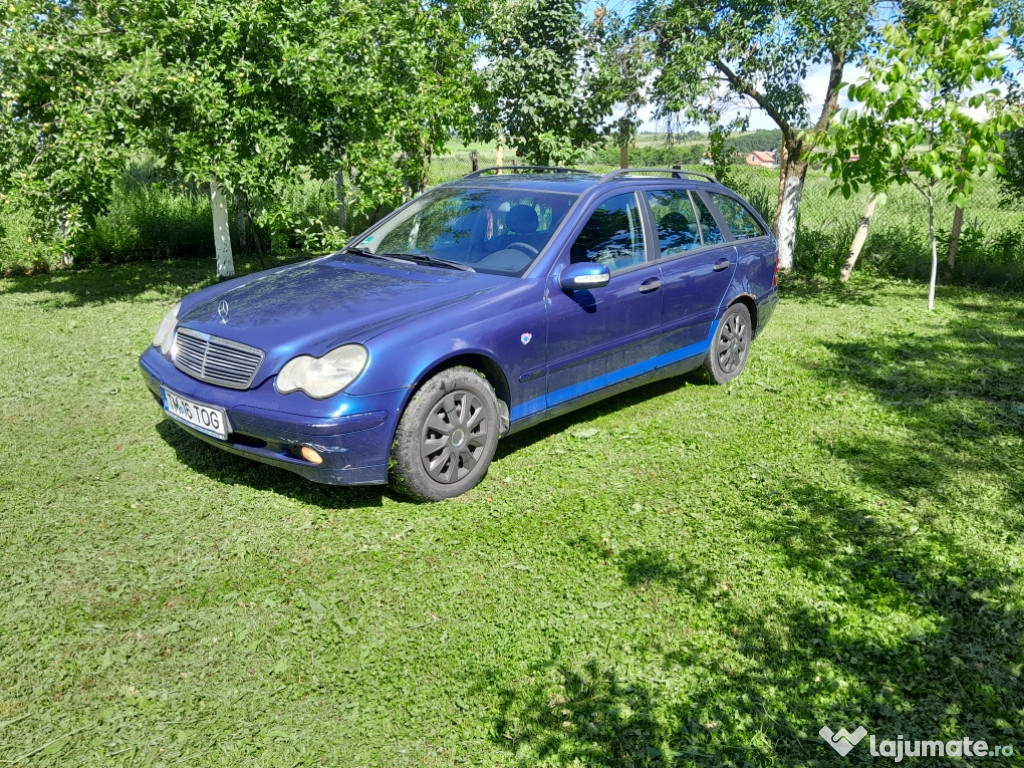 Mercedes Benz c class 2.2 CDI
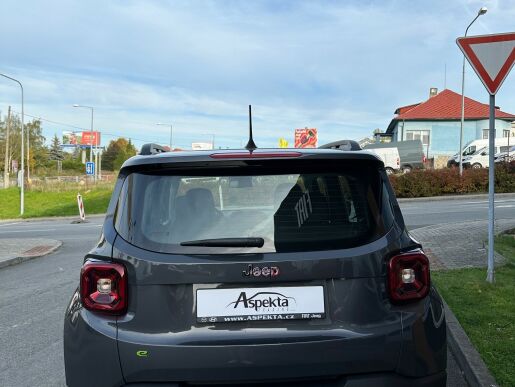 Jeep Renegade Summit 1.5 Turbo E-hybrid 130k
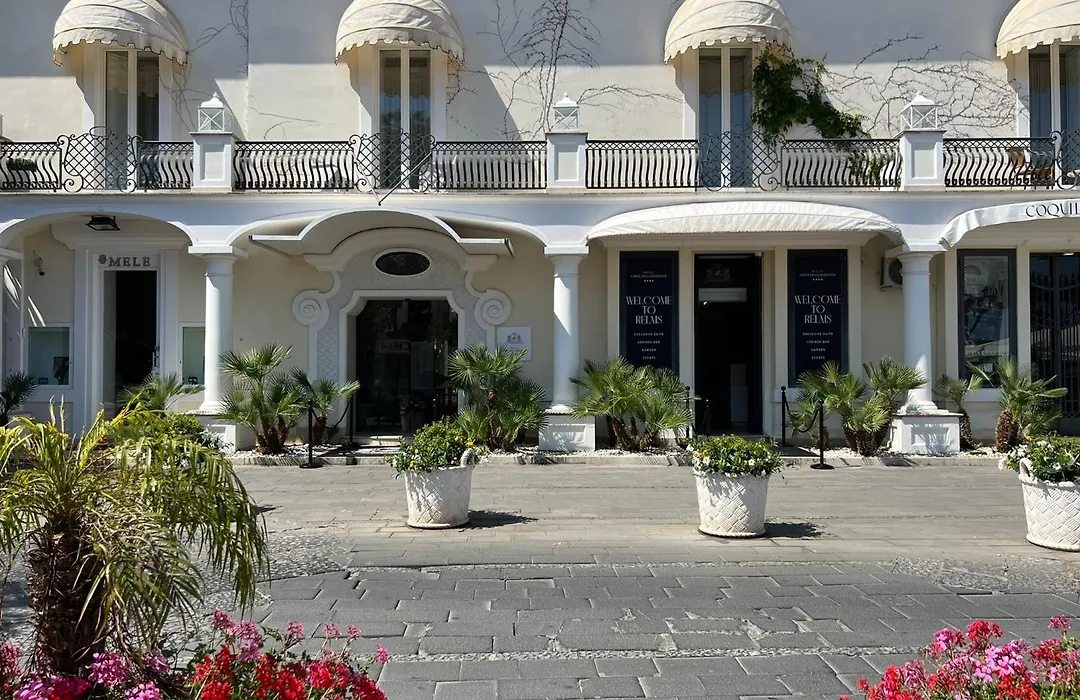 Relais Corte Degli Aragonesi-1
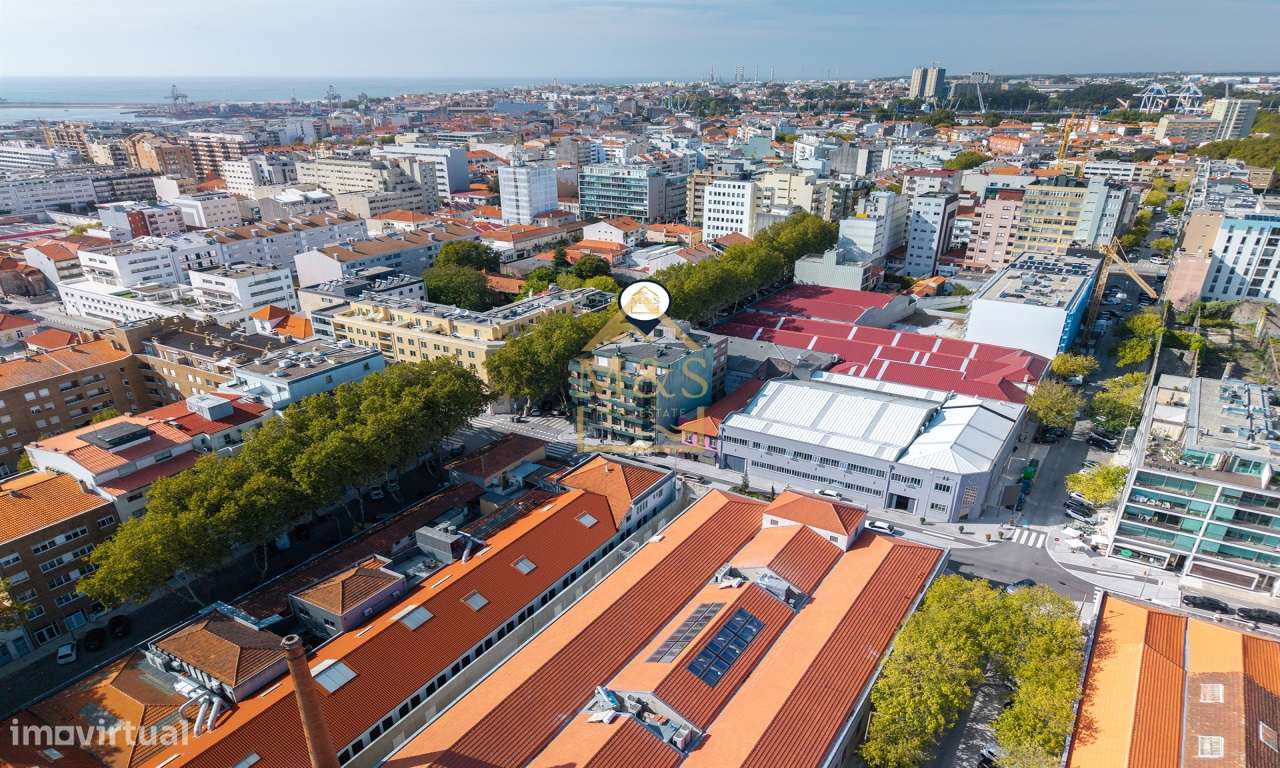 Apartamento T4-Varanda-Garagem - 600Mts da Praia - Metro- Matosinhos-44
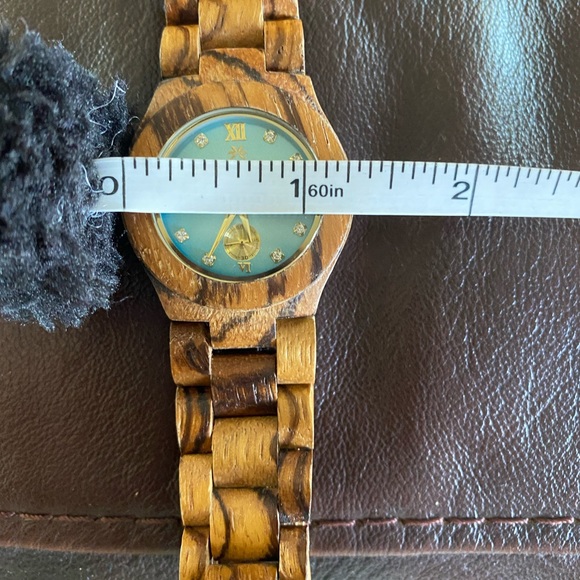 Watch - Picture 6 of 9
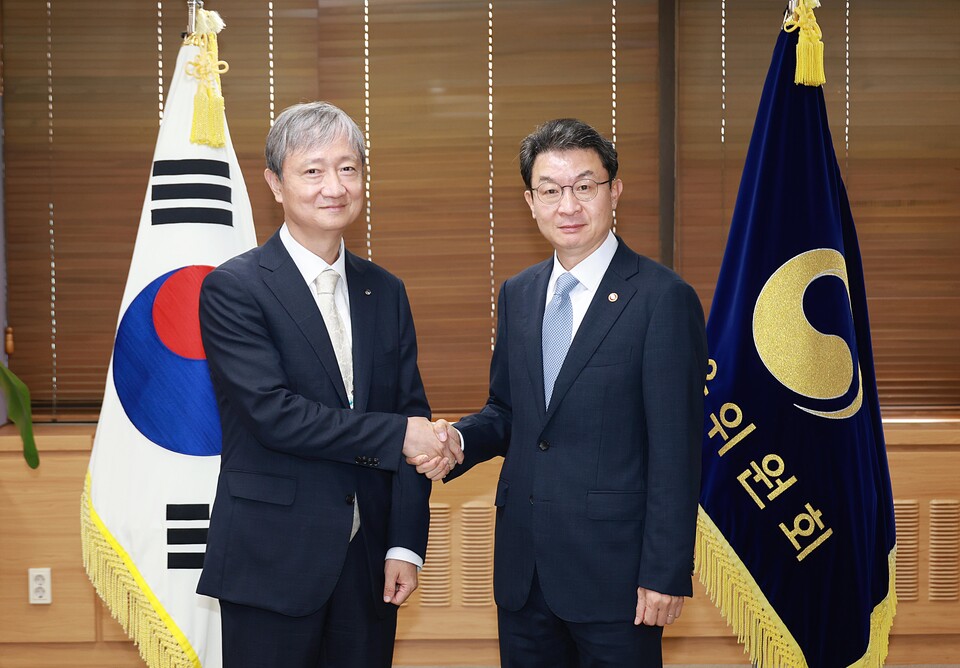 이억원(오른쪽) 금융위원장이 16일 오후 서울 종로구 정부서울청사 금융위원장 접견실에서 이찬진 금융감독원장과 첫 회동을 갖고 금융정책 및 감독방향과 관련해 금융위와 금감원이 한 팀으로 움직일 것을 다짐했다. (사진제공=금융위원회)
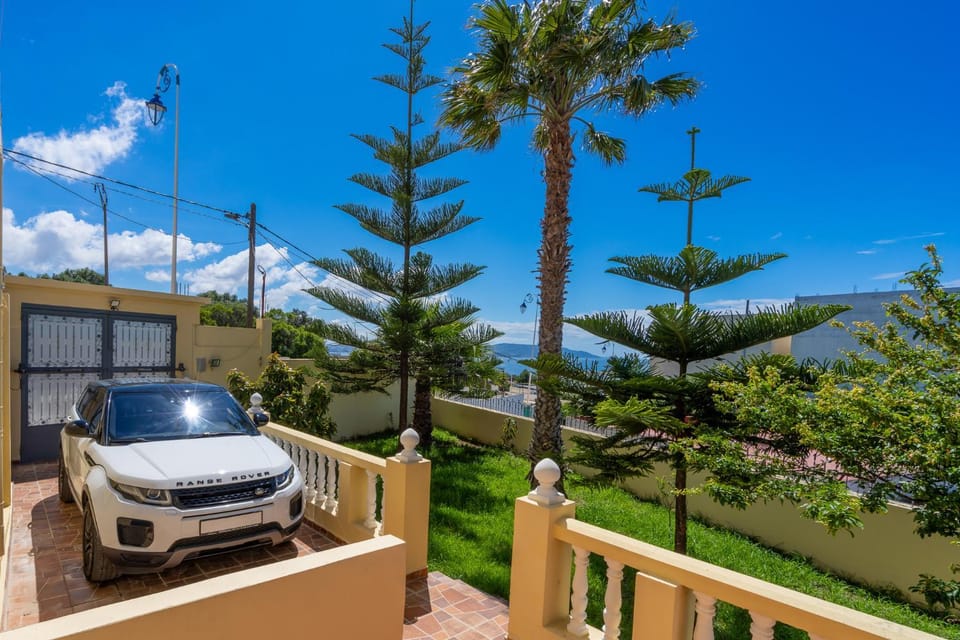 Sea view, Parking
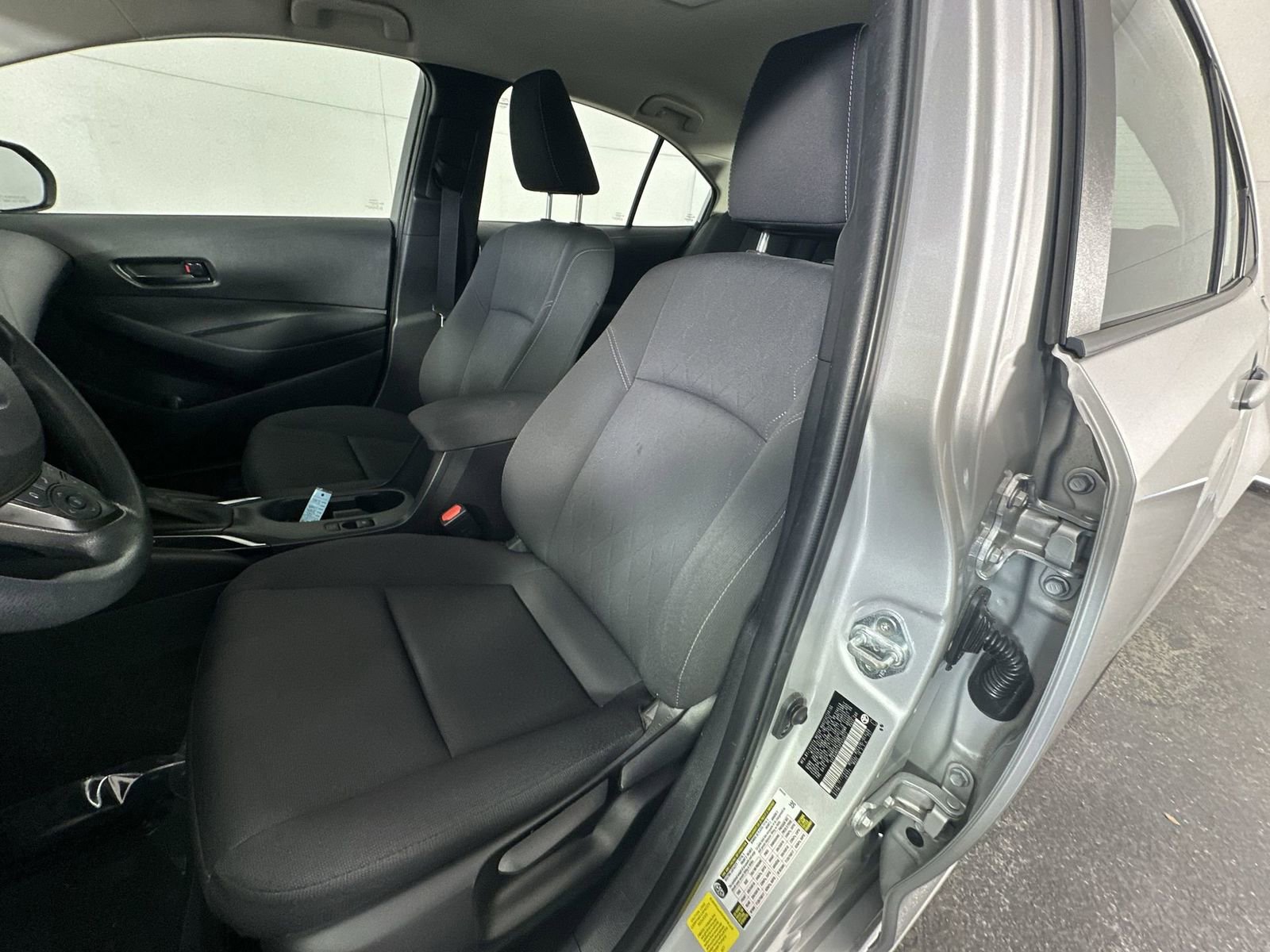 Used 2023 Toyota Corolla LE image 11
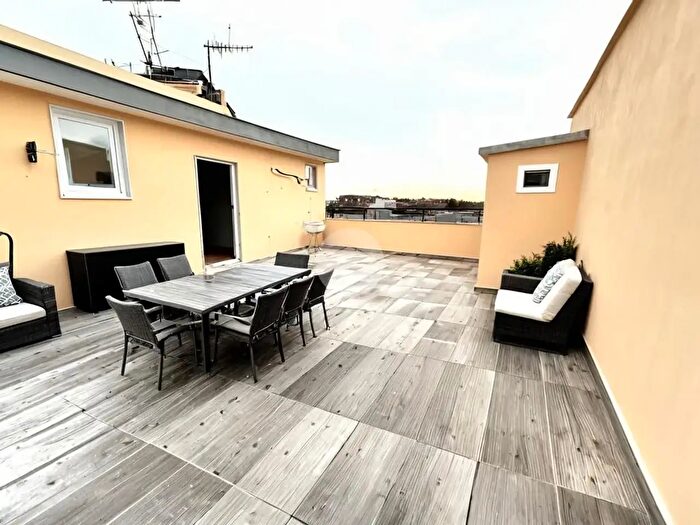 Appartamento con 7 locali in vendita in Corso Arnaldo Lucci, Napoli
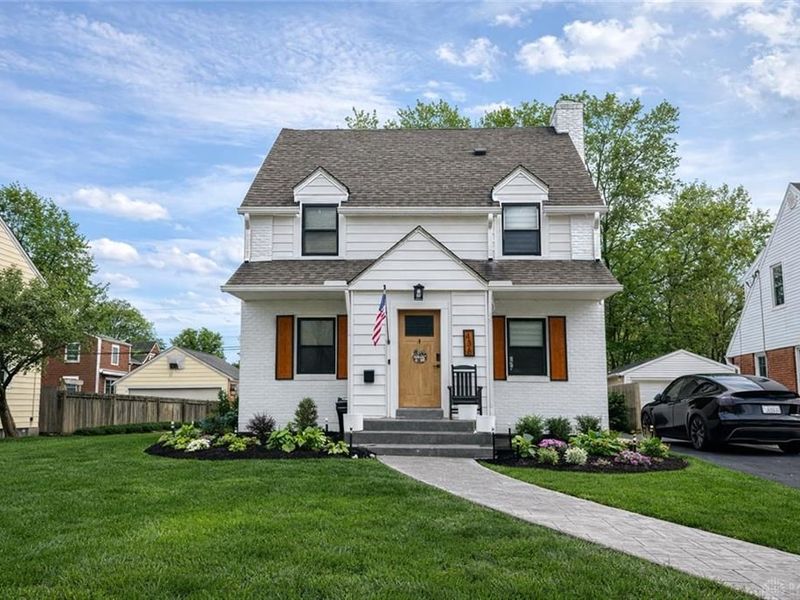 436 East Drive, Oakwood, OH 45419 Photo 1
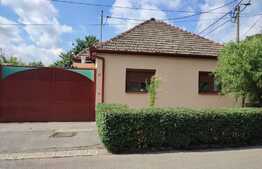 Casa cu 4 camere, 100 mp, teren 400 mp, zona Functionarilor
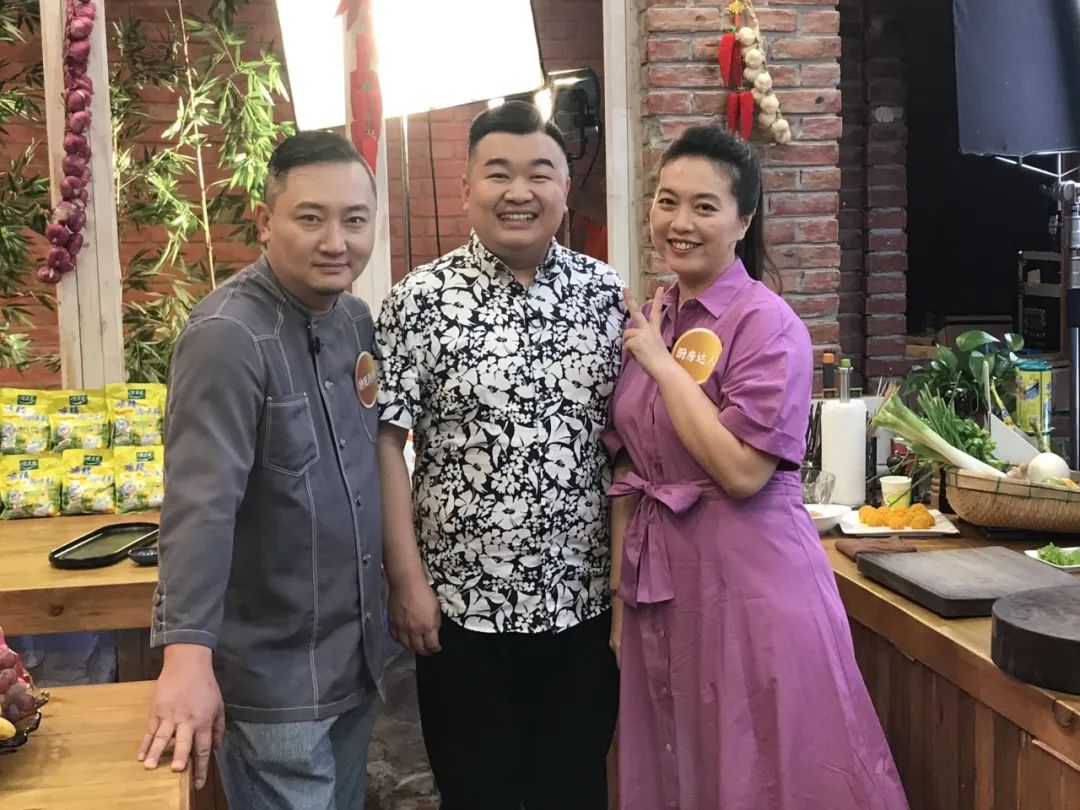 健身房更衣间_健身房更衣室规章制度_健身房更衣室设计图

* * * *

#### TASK GOAL
Find the line with "이억원(오른쪽) 금융위원장이 16일" in the listing above, then write it out along with every later line through the last one, exactly, omitting pictures.

#### FINAL ANSWER
 이억원(오른쪽) 금융위원장이 16일 오후 서울 종로구 정부서울청사 금융위원장 접견실에서 이찬진 금융감독원장과 첫 회동을 갖고 금융정책 및 감독방향과 관련해 금융위와 금감원이 한 팀으로 움직일 것을 다짐했다. (사진제공=금융위원회)
 Sea view, Parking
 Used 2023 Toyota Corolla LE image 11
 Appartamento con 7 locali in vendita in Corso Arnaldo Lucci, Napoli
 436 East Drive, Oakwood, OH 45419 Photo 1
 Casa cu 4 camere, 100 mp, teren 400 mp, zona Functionarilor
 健身房更衣间_健身房更衣室规章制度_健身房更衣室设计图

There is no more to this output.